Melbourne Herald Sun, Thursday December 11, 2014
It has pride of place on the bench of so many a young family's kitchen. The cook book rack where the Margaret Fulton tome would sit open at that day's planned recipe. Only now it's not a book in its place but an iPad, or its clone. The recipe would be displayed as before, with bright coloured photo of what (hopefully) it will eventually look like.
It may be an actual Margaret Fulton recipe, or Jamie Oliver, or Nigella Lawson - or any of your favourite TV chefs, they all seem to have their own sites including the various Master Chef winners and their judges.
World wide there are hundreds of recipe sites, somewhere there's one for every taste and every nationality from gnocchi to spare ribs to Peking duck.
To this you can add the thousands of enthusiastic bloggers. Some have as much skill and character as the professionals; large numbers of them leave much to be desired and a queasy feeling in the tum.
But Australians appreciate their home cooking and are doing a lot of it, even if they also consume large quantities of take-away. But we are fortunate in having very affordable food. Our incomes have risen faster than prices.
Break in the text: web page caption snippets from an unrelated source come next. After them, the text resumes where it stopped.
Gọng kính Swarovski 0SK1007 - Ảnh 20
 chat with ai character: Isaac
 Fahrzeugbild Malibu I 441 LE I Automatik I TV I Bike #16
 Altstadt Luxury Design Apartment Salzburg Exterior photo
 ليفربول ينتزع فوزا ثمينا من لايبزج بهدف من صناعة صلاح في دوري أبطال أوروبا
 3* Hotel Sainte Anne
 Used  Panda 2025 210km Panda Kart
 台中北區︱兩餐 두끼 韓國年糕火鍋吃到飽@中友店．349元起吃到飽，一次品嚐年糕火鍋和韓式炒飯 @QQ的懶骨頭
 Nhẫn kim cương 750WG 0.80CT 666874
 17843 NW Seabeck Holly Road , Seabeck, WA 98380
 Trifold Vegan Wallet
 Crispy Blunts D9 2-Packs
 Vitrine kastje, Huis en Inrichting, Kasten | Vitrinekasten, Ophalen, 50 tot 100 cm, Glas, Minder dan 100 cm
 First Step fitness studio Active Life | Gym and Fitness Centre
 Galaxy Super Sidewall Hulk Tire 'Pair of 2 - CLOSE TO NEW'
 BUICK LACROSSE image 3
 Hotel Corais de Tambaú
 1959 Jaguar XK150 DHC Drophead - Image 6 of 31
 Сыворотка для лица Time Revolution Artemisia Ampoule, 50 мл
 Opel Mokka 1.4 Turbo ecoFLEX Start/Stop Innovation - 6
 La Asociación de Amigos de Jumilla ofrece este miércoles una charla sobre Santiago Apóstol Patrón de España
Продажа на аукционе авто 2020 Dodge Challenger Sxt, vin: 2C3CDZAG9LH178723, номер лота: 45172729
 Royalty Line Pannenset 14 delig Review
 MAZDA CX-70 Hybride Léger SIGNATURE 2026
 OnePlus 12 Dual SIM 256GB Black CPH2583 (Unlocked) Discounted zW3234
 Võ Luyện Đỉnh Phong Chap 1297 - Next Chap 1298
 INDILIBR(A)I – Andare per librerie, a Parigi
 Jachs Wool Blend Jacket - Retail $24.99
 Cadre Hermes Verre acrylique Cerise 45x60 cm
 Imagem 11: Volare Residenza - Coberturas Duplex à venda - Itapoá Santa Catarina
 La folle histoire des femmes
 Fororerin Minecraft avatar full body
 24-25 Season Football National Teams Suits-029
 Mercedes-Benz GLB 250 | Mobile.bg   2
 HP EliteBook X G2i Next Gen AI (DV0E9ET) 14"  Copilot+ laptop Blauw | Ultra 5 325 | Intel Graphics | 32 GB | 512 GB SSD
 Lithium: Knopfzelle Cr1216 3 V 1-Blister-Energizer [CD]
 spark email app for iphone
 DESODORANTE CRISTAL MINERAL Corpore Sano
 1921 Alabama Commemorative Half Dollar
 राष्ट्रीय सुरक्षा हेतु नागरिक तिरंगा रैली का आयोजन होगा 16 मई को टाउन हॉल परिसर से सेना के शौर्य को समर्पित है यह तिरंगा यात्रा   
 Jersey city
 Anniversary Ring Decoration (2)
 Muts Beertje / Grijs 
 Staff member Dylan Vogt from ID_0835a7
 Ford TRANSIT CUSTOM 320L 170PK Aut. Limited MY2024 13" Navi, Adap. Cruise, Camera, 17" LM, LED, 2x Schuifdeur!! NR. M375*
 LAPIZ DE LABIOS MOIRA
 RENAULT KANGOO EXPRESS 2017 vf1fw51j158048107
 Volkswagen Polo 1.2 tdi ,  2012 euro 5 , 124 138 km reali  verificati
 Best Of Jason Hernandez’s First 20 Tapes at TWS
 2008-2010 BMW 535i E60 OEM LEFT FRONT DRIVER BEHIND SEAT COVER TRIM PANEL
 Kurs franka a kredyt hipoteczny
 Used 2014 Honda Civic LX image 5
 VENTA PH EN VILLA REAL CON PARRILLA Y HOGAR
So the Department of Agriculture was able to report in 2012 that over the previous 20 years, while our incomes rose by 36 per cent, the spending on food only went up 13 per cent.
This is corroborated by the Australian Bureau of Statistics which reported that households spent 20 per cent of their cash on food and drink in 1984, yet 25 years later it was only 16.5 per cent. The popularity of eating certainly hasn't declined so it must be price. And that's even excluding alcohol.
Of course clever marketing joins the dots and you'll find a helluva lot of doodling in the recipe pages. I've talked before about the work Coles and Woolworths have done to develop their home delivery services.
Now Coles have taken it a step further, with the announcement of a new Recipe to Cart service. It's a marriage made in supermarket heaven: the blushing bride is Taste.com.au, the country's biggest recipe deliverer, claiming a reach of 6,277,000 readers and clickers per month between its website, magazine and newspaper lift-outs.
You choose your recipes, click the ingredients, they pass into the digital shopping basket and the next day they get delivered to your door. I wonder if there's another button you can click to deliver Curtis Stone or Heston Blumenthal to cook it up for you.
Christmas of course is a time when the nation goes extravagantly mad in its food buying. So it's an ideal time for Taste and Coles to launch this service. They have constructed a Christmas Menu Planner with lots of seasonal dishes based around products on Coles shelves.
Woolworths are fighting back with Jamie Oliver Christmas recipes, while Aldi and IGA have had their home economists toiling for months to deliver acres of appetising meals on their web sites.
So if you are one of our millions of keen on-line recipe hunters, rest assured that a very well catered Christmas has been laid out for you.